From: Jesper Dangaard Brouer <hawk@kernel.org>
To: "Jason Xing" <kerneljasonxing@gmail.com>,
"Karlsson, Magnus" <magnus.karlsson@intel.com>,
"Björn Töpel" <bjorn@kernel.org>
Cc: davem@davemloft.net, edumazet@google.com, kuba@kernel.org,
pabeni@redhat.com, bjorn@kernel.org, magnus.karlsson@intel.com,
maciej.fijalkowski@intel.com, jonathan.lemon@gmail.com,
sdf@fomichev.me, ast@kernel.org, daniel@iogearbox.net,
john.fastabend@gmail.com, horms@kernel.org,
andrew+netdev@lunn.ch, bpf@vger.kernel.org,
netdev@vger.kernel.org, Jason Xing <kernelxing@tencent.com>
Subject: Re: [PATCH net-next 2/2] xsk: support generic batch xmit in copy mode
Date: Thu, 21 Aug 2025 19:29:43 +0200 [thread overview]
Message-ID: <599598da-5453-4cd9-b19d-ca7935985030@kernel.org> (raw)

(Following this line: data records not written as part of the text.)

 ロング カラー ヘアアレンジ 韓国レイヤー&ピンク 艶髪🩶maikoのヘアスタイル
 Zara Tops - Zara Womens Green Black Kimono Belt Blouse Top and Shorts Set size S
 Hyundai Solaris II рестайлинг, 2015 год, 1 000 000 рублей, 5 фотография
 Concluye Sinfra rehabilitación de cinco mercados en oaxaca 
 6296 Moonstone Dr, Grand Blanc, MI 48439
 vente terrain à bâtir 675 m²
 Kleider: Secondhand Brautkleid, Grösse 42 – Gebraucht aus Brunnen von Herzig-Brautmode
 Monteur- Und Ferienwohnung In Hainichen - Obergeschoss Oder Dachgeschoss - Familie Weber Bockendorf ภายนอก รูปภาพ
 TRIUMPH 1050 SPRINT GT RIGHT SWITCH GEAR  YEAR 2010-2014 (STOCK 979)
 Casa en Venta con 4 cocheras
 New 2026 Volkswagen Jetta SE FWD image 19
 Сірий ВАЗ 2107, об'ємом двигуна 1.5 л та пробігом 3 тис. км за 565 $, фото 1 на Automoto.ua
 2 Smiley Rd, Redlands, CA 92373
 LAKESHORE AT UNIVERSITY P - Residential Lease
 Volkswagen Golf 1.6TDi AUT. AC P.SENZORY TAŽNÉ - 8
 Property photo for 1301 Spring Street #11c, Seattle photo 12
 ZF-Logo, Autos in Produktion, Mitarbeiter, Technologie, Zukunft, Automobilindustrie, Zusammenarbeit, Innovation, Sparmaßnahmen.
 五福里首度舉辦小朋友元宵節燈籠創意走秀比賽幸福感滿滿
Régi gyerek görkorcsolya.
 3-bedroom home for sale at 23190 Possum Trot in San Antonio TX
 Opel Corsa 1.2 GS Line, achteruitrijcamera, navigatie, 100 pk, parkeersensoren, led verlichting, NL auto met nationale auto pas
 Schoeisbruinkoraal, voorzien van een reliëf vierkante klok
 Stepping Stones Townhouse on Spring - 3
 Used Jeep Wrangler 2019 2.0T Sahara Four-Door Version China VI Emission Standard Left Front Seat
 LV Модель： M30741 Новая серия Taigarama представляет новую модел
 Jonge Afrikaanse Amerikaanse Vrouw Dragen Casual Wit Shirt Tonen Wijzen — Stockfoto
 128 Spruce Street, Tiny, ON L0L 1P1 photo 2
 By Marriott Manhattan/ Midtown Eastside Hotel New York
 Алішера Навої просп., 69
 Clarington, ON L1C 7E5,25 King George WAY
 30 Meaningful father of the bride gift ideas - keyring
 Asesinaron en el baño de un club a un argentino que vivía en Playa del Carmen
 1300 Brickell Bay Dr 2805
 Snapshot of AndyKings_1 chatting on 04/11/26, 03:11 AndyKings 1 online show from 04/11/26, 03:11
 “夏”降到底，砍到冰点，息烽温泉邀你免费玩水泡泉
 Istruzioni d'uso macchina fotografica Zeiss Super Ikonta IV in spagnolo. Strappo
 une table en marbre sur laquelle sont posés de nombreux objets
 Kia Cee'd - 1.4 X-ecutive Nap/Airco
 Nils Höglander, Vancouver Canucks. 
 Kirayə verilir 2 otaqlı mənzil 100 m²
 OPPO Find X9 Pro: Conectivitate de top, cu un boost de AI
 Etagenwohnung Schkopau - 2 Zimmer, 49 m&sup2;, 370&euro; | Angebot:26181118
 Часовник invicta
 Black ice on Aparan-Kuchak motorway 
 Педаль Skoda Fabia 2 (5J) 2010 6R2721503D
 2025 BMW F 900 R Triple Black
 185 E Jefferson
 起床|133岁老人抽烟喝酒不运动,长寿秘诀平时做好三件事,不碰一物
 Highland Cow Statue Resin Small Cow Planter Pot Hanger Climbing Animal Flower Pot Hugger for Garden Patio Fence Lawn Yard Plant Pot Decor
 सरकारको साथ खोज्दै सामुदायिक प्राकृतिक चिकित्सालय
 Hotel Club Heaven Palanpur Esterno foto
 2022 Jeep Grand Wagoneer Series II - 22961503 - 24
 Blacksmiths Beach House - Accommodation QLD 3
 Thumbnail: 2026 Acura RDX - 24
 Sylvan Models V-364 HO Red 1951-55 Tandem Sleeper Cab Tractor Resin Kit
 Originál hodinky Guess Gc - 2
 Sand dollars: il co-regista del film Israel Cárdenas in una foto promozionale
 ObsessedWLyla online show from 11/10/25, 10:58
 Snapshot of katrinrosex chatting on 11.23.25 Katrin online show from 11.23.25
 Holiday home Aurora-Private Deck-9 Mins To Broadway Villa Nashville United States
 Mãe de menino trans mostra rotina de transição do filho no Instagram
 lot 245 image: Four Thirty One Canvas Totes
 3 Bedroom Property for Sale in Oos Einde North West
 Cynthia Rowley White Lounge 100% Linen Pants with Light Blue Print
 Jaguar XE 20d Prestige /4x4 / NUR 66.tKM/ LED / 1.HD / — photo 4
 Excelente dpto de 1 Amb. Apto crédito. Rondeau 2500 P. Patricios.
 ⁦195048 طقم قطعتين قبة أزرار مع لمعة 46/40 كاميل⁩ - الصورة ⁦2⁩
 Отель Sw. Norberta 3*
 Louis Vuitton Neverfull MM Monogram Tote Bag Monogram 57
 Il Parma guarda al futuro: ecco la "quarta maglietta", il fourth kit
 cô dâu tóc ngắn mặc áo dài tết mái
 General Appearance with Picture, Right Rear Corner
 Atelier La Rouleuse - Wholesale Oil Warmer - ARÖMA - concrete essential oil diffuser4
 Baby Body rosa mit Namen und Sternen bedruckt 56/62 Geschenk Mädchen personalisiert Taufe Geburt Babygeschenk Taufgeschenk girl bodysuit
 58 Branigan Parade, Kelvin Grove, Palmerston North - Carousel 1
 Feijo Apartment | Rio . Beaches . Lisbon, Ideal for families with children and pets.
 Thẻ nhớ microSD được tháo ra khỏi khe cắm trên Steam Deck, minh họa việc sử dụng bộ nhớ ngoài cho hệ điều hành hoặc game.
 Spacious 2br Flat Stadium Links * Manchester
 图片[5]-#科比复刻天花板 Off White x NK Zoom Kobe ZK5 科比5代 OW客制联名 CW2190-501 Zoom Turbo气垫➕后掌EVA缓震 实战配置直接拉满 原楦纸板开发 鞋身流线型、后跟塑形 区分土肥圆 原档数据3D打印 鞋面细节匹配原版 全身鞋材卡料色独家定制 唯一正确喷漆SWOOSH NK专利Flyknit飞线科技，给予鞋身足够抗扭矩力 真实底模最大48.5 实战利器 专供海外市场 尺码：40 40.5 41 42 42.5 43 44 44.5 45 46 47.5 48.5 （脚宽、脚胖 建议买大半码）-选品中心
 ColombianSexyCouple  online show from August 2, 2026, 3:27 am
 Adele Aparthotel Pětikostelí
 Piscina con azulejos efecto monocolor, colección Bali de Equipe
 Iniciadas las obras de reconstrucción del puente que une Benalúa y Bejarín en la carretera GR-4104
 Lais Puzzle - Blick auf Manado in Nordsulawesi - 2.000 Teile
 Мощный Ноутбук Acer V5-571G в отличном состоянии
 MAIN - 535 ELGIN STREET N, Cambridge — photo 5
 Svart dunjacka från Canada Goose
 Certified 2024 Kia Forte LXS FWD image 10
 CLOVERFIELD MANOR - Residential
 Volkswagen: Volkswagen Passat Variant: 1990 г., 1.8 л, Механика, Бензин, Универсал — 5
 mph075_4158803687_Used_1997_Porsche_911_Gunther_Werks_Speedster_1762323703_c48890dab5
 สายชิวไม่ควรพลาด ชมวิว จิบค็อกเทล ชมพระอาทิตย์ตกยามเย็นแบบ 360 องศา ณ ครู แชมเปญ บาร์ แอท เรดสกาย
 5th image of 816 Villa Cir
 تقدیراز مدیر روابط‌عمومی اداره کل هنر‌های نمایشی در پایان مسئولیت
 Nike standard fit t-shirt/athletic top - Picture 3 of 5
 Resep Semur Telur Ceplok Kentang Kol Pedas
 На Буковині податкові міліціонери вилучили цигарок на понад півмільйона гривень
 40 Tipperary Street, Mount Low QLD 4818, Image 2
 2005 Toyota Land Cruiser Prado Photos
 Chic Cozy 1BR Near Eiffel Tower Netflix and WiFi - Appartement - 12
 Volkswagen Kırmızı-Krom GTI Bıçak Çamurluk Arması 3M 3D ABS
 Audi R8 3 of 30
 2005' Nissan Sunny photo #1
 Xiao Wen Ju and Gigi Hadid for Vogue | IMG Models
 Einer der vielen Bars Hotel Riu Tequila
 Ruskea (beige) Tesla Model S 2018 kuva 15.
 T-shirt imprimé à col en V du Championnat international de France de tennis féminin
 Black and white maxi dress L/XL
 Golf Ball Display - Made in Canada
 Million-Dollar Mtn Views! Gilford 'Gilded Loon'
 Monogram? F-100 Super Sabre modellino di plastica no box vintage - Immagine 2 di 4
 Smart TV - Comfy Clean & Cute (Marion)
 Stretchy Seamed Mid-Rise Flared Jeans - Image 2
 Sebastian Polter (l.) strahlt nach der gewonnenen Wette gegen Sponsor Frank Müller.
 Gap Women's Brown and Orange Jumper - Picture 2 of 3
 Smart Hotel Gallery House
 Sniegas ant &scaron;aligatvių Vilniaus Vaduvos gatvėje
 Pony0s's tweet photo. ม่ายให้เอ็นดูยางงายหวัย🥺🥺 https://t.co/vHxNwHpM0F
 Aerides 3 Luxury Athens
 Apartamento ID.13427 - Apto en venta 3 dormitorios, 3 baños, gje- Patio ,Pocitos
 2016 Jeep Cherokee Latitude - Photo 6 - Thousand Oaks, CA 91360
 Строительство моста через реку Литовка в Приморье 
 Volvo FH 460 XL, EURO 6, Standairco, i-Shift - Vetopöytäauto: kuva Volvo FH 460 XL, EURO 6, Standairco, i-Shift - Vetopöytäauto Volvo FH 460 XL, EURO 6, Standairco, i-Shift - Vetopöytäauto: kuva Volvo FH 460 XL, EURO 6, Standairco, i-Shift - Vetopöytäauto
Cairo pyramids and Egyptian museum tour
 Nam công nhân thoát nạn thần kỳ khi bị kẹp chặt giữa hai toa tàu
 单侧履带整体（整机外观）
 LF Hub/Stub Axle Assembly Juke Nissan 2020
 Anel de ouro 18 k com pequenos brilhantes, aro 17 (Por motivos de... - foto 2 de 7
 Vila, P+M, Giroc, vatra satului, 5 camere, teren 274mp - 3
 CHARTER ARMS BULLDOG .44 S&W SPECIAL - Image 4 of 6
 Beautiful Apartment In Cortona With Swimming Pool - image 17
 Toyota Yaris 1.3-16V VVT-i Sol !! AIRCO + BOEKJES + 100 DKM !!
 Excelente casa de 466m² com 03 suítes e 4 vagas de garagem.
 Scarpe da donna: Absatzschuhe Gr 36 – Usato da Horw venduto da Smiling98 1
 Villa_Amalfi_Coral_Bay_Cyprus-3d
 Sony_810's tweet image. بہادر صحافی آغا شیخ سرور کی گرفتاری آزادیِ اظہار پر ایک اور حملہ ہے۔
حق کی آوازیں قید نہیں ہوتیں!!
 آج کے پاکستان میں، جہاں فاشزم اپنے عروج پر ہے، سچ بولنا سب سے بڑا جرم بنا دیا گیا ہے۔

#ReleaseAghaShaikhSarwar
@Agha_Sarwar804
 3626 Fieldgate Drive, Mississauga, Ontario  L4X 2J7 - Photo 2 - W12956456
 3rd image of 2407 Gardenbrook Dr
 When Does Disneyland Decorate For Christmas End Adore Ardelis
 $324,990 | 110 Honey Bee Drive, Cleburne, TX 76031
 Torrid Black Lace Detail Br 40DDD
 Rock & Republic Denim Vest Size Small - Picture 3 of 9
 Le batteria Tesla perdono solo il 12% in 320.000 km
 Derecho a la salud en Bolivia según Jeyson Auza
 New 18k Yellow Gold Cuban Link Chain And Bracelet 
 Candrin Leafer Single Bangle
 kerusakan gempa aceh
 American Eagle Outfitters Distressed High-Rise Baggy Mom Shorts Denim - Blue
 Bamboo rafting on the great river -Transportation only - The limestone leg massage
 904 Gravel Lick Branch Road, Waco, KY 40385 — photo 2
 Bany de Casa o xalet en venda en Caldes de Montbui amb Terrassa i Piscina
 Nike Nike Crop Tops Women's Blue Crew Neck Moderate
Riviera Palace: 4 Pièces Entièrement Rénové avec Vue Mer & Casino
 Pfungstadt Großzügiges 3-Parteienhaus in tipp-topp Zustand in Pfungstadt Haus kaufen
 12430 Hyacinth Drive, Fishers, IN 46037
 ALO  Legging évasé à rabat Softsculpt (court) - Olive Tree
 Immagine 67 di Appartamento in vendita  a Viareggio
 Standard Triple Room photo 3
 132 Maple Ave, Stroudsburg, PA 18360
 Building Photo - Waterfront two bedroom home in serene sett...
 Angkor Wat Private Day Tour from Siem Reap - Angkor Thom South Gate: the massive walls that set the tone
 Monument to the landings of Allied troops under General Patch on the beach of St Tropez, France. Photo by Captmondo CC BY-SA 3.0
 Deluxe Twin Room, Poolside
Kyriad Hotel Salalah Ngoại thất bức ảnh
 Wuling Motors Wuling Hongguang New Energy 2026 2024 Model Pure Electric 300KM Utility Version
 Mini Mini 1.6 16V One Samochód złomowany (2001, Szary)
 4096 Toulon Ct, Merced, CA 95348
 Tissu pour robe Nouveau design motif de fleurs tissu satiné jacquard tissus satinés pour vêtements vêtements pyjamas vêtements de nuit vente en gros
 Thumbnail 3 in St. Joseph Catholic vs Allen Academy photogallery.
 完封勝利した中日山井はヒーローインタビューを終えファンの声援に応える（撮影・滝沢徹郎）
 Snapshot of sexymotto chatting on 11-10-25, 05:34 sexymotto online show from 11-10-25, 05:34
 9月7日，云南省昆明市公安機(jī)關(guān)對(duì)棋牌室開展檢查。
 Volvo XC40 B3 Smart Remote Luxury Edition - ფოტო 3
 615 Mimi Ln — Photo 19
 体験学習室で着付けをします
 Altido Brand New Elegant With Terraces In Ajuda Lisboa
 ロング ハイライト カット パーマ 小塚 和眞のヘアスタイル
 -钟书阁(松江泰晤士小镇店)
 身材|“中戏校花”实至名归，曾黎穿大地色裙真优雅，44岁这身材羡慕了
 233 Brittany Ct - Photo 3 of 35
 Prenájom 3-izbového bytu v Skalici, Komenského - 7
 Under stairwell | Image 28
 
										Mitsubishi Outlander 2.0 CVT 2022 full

In-Reply-To: <CAL+tcoBWOUCd8f1Q6BYh+xuKs5=Qgr2oOBb9CLU_6BrasD0vfg@mail.gmail.com>
I need some help from Cc Magnus or Björn, to explain why you changes
fails in xsk_destruct_skb().
On 15/08/2025 08.44, Jason Xing wrote:
> On Tue, Aug 12, 2025 at 10:30 PM Jesper Dangaard Brouer <hawk@kernel.org> wrote:
>>
> ...
>>
>> But this also requires changing the SKB alloc function used by
>> xsk_build_skb(). As a seperate patch, I recommend that you change the
>> sock_alloc_send_skb() to instead use build_skb (or build_skb_around).
>> I expect this will be a large performance improvement on it's own.
>> Can I ask you to benchmark this change before the batch xmit change?
>>
>> Opinions needed from other maintainers please (I might be wrong!):
>> I don't think the socket level accounting done in sock_alloc_send_skb()
>> is correct/relevant for AF_XDP/XSK, because the "backpressure mechanism"
>> code comment above.
>
> Here I'm bringing back the last test you expected to know :)
>
> I use alloc_skb() to replace sock_alloc_send_skb() and introduce other
> minor changes, say, removing sock_wfree() from xsk_destruct_skb(). It
> turns out to be a stable 5% performance improvement on i40e driver.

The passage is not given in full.